Pattern 1: Rabin-Karp String Matching

Find all occurrences of pattern $t$ in text $s$. Hash $t$, then slide a window of length $|t|$ over $s$ comparing hashes.

auto target = ht.query(0, m - 1);
for (int i = 0; i + m <= n; i++)
    if (hs.query(i, i + m - 1) == target)
        // match at position i

Problems: CF 271D, CF 126B

Pattern 2: Longest Common Substring via Binary Search + Hashing

Binary search on length $k$. For each $k$, hash all substrings of length $k$ from both strings, check for common hash in a set.

auto check = [&](int k) -> bool {
    unordered_set<long long> seen;
    for (int i = 0; i + k <= n; i++)
        seen.insert(combine(hs.query(i, i + k - 1)));
    for (int i = 0; i + k <= m; i++)
        if (seen.count(combine(ht.query(i, i + k - 1))))
            return true;
    return false;
};
// binary search on k in [0, min(n, m)]

Total: $O((n+m)\log min(n,m))$.

Problems: CF 580E

Pattern 3: Palindrome Check

A substring $s[l..r]$ is a palindrome iff its forward hash equals its reverse hash. Build hashes for both $s$ and $\text{reverse}(s)$.

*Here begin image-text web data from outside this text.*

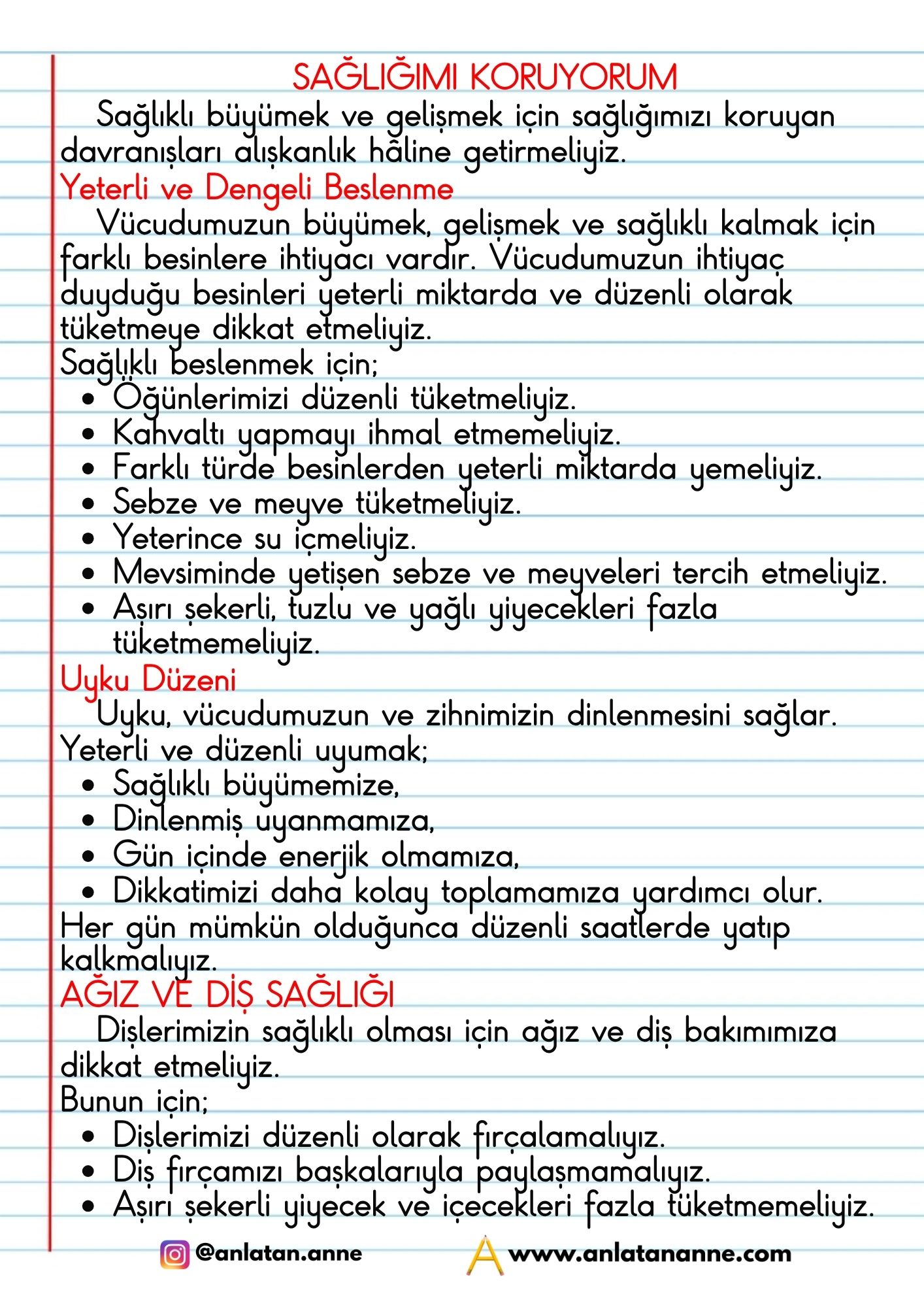 3. sınıf sağlığımı koruyorum defter notu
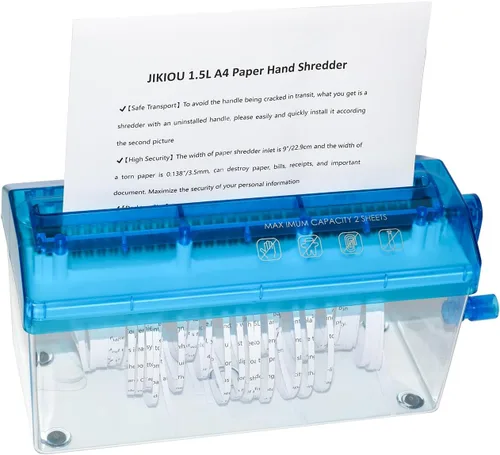 Vista 9 de JIKIOU Mini trituradora de mano portátil trituradora de papel manual trituradora de documentos herramienta de corte de papel para el hogar oficina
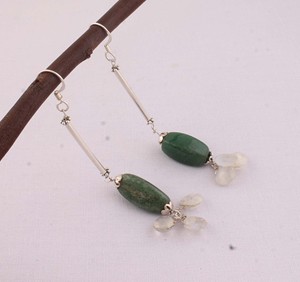 Vente en gros de boucles d'oreilles en argent sterling 925 avec jade vert naturel, boucles d'oreilles pendantes en pierre précieuse de jade vert, fabricant de bijoux en argent S925 - Product Image 2
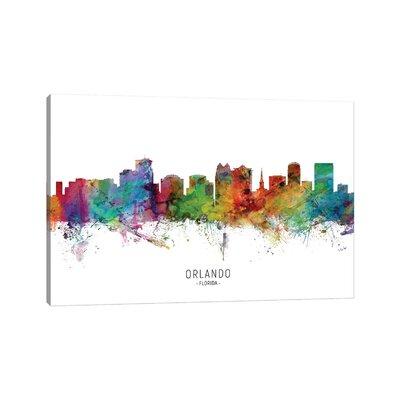 East Urban Home Orlando Florida Skyline by Michael Tompsett - Wrapped Canvas Graphic Art Canvas | 12 H x 18 W x 1.5 D in | Wayfair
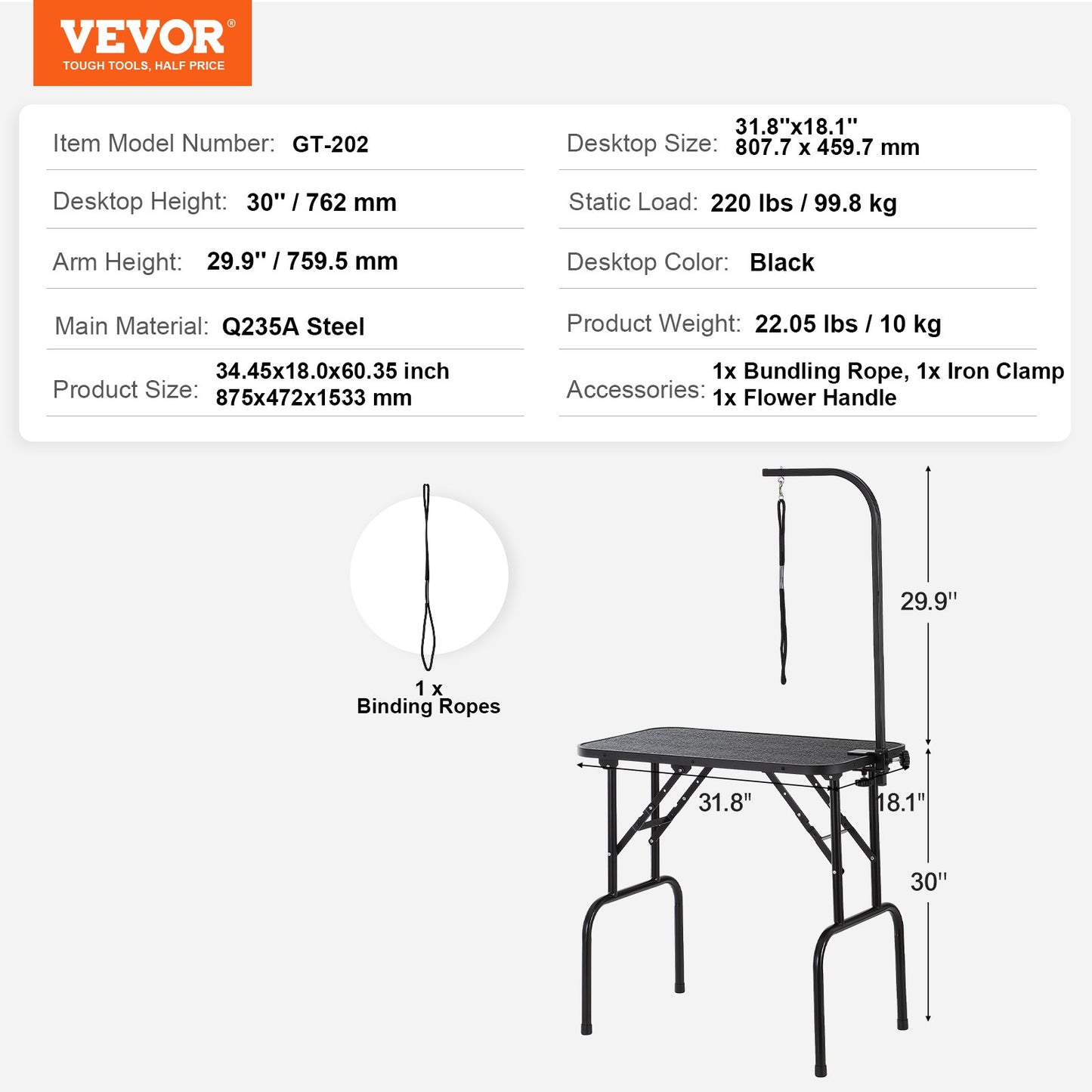 PET Grooming Table Arm with Clamp, 808 x 460 mm Dog Grooming Station, Foldable PET Grooming Stand for Medium and Small Dogs, Free No Sit Hanging Holder with Grooming Loop, Bearing 99.8 kg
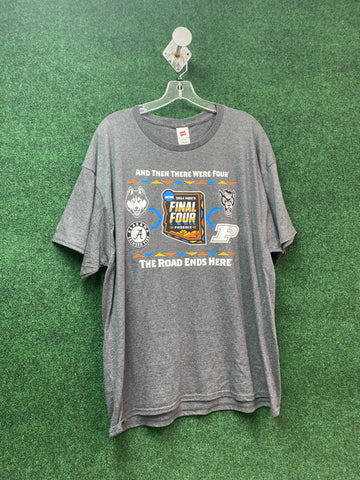 2024 Final Four The Road Ends Here 4 Team Tee - Charcoal Grey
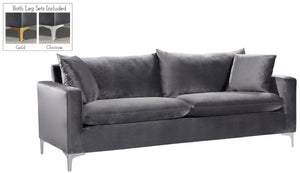 Naomi Velvet / Engineered Wood / Metal / Foam Contemporary Grey Velvet Sofa - 81.5" W x 33.5" D x 33" H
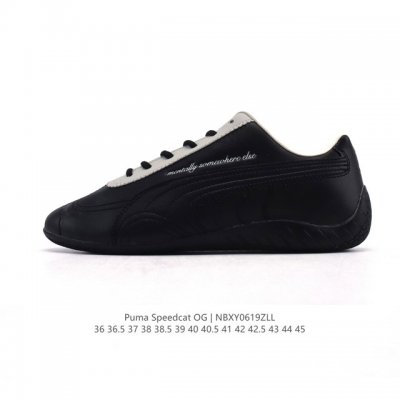 Puma Speedca Og 彪马极速赛车系列低帮德训风拼接复古百搭休闲运动赛车鞋 鞋款从80、90年代赛车手所穿的防火赛车鞋为原型，鞋身线条模仿了赛车的流线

// forward hash of s[l..r]
auto fwd = hs.query(l, r);
// reverse hash: position in reversed string is (n-1-r)..(n-1-l)
auto rev = hr.query(n - 1 - r, n - 1 - l);
bool is_palindrome = (fwd == rev);

Problems: CF 7D, CF 1326D2

Pattern 4: Count Distinct Substrings

Hash every substring of every length, insert into a set. The set size is the answer.

set<pair<long long,long long>> distinct;
for (int len = 1; len <= n; len++)
    for (int i = 0; i + len <= n; i++)
        distinct.insert(hs.query(i, i + len - 1));
cout << distinct.size();

$O(n^2\log n)$ -- good enough for $n\le 3000$. For larger $n$, use suffix array.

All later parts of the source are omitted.